■ Exercise prompt: Exactly the lines from the opening of the records through the line containing "Cyberpunk abstract phone wallpaper" should be copied, with both included.

■ Provided data:
<<<<

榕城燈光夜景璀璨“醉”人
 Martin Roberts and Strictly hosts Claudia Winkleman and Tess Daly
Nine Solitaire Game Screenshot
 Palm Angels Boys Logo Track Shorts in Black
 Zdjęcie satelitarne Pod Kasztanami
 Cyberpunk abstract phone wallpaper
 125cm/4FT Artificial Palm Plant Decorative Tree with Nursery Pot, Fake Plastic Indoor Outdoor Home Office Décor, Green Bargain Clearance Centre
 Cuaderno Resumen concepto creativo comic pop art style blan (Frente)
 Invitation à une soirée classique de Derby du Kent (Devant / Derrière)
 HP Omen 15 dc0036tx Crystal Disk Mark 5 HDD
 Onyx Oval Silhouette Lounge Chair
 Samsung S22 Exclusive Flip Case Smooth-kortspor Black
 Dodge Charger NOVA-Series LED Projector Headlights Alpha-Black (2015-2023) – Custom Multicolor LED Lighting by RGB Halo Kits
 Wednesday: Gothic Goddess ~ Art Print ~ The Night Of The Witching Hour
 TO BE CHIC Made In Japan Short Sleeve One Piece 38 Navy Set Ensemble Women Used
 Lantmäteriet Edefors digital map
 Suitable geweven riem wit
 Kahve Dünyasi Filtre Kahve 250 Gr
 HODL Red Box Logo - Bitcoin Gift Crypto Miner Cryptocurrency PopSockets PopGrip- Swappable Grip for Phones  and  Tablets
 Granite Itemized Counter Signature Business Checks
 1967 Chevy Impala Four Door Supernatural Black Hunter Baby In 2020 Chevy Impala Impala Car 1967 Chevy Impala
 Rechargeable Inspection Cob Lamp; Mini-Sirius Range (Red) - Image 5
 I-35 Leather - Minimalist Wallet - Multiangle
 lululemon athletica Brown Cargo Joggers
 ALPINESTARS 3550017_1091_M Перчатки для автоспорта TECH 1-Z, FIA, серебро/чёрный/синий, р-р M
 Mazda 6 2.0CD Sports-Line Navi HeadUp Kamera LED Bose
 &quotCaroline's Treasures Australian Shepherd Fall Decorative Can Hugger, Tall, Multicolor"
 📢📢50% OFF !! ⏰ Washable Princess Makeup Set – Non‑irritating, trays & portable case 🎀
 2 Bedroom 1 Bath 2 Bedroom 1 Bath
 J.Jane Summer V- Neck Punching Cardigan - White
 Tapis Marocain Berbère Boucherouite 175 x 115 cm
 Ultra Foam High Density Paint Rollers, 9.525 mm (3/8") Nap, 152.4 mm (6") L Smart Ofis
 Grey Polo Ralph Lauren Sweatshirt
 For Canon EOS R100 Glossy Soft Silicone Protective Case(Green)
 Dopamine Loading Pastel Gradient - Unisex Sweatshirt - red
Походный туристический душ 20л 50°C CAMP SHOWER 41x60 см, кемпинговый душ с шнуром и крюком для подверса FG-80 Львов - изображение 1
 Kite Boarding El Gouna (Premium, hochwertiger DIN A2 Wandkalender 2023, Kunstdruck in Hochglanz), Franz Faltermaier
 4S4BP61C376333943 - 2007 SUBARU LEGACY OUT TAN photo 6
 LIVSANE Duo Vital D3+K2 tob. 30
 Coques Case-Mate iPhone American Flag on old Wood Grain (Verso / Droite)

>>>>

■ Output of the exercise:
榕城燈光夜景璀璨“醉”人
 Martin Roberts and Strictly hosts Claudia Winkleman and Tess Daly
Nine Solitaire Game Screenshot
 Palm Angels Boys Logo Track Shorts in Black
 Zdjęcie satelitarne Pod Kasztanami
 Cyberpunk abstract phone wallpaper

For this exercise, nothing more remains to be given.